Let’s begin by setting the scene. You hear about Plum from a friend, immediately think it’s a godsend and you excitedly rush to sign up. (Well, at least that’s my hypothesis). After a short chat with Plum on Messenger, you breeze through the personal details section only to be faced with a form, branded in your bank’s colours, that asks for your bank login details — some of which you’ve never heard before. Err… what now? And why does Plum need my bank details?
Plum’s purpose is to help you save money in a simple, fun and stress-free way. In order to do so, it needs to read and analyse your bank transactions to figure out how your balance varies, what are your spending patterns, when you pay your bills and how much income you have. To read your transactions we need to establish a secure link to your bank, hence we need your Online Banking login details. In this post we will do a quick dive into how that works and explain how we use your details, what data we have access to and what the future holds.
Linking to your bank
In order for us to establish a link to your bank and access your transactions, we have partnered with an “account aggregation” service. This service provides us with read-only access to your transactions and account balance, meaning that all we can do is read data — we cannot move any money out of your account! There are multiple such services out there but we chose to partner with Yodlee, the industry leader. Yodlee has been around for 17 years and has a number of prominent backers (Bank of America being one of them). It was a public company in the US until it was bought by Envestnet for a whopping $500mm last year.
This might be the first time you’re asked to provide your bank login details to an application — or even hear about the term account aggregation — and, understandably, it can feel like you’re giving away the keys to the kingdom. In reality, a number of big companies are using services like Yodlee to offer a better experience to their customers. Here are a few examples:
Personal finance tools like Mint (used by 20 million users) offer analytics across multiple bank accounts
Accounting software like Xero (used by 800,000 businesses) use account aggregators to automatically import transactions instead of requiring their customers to manually upload their statements
Accessing and storing your data
After you submit your bank login credentials, we forward them directly to Yodlee which encrypts and stores them securely. The communication between your browser (or phone), our servers and Yodlee is also encrypted with TLS 1.2, also known as “the little green lock in your browser”. It’s very important to note that we do not store your bank login details. We’re much more comfortable leaving this task to the Yodlee experts — they’ve been doing it for many years and undergo multiple security audits per year to ensure their systems are as secure as they can be.
Once your bank login details are stored, Yodlee will then begin the process of gathering your account details and up to a year’s worth of transactions. When finished, we import said transactions, as well as your account details and balance, encrypt any sensitive information (like your account number) and then store them in our database for further analysis. Every day we ask Yodlee for new transactions and your most up-to-date balance and then pass them to our saving algorithm to do its magic.

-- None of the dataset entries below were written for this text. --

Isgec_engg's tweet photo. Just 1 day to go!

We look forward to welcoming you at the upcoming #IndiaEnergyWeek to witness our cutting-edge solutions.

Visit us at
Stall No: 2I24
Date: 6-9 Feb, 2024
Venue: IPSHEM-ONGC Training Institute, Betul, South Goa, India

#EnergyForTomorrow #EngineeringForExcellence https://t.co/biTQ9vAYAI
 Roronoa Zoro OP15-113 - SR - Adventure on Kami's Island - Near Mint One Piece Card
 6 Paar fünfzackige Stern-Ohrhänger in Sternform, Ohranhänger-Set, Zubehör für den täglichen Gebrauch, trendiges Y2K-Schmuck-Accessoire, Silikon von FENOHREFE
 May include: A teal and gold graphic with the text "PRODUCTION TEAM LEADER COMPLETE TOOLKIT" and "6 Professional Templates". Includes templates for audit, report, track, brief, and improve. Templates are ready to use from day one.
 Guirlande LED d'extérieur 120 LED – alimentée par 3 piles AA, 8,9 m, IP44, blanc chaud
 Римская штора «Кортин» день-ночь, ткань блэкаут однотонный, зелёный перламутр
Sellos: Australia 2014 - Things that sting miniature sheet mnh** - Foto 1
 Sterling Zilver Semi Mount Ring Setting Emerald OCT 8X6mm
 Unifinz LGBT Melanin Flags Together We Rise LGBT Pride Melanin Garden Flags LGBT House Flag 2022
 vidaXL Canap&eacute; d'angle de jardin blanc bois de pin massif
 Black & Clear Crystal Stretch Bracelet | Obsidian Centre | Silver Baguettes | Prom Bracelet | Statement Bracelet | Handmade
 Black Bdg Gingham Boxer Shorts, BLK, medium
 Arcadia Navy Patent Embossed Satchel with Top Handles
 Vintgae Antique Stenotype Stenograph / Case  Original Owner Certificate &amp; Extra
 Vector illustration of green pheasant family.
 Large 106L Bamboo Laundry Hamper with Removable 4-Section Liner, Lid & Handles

The account aggregation market has flourished in recent years. While customers demand more analysis and smarter applications, banks have been slow to catch up and refuse to provide an easy way for their customers to allow third-parties (like Plum) to access their data.
Thankfully, a very important regulation has been implemented by the Competition and Markets Authority (CMA) to increase competition between banks, called PSD2. The regulation is the outcome of both the UK and European governments concluding that your financial data belong to you and you should be able to share it with companies of your choice.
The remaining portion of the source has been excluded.